Transesophageal echocardiography (TEE) would be the most appropriate next step in management of this patient. Evaluating the degree of mitral regurgitation and assessing the causative valve abnormalities provides essential information for guiding therapy, particularly whether surgical repair is possible or indicated. Although this information is usually obtained with transthoracic echocardiography, in situations in which full evaluation of the valve and degree of mitral regurgitation is not possible, such as in this very obese patient in whom accurate Doppler parameters cannot be obtained, TEE is indicated. Because the transducer in TEE is able to be closely approximated to the left atrium and mitral valve, structural details, including integrity of the valve leaflets and chordae, and the regurgitant jet, are almost always well visualized, allowing assessment of valvular abnormalities and accurate measurement of Doppler parameters. Chest CT angiography and cardiac magnetic resonance imaging may also be useful adjuvants, allowing assessment of coronary anatomy, valve structure, and coexisting structural heart disease. Three-dimensional echocardiography, both transthoracic and transesophageal, can further help identify leaflet and scallop involvement, likelihood of operative repair, and additional quantification of mitral regurgitation severity.

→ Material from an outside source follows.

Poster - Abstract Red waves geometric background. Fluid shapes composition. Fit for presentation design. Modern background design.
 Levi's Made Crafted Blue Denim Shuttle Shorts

The decision to proceed with mitral valve surgery, including mitral valve repair, would be premature in this patient without adequate knowledge of the severity of mitral regurgitation and better definition of the underlying valvular abnormalities.
Although clinical follow-up with serial echocardiography may be appropriate for this patient, the appropriateness of this management strategy depends upon adequate initial evaluation of her mitral valve disease.
Medical therapy for patients with asymptomatic mitral regurgitation is limited. To date, no studies have shown benefit of ACE inhibitors, angiotensin receptor blockers, or diuretics in the absence of another specific indication, such as hypertension, left ventricular systolic dysfunction, or evidence of volume overload. This patient has none of those features.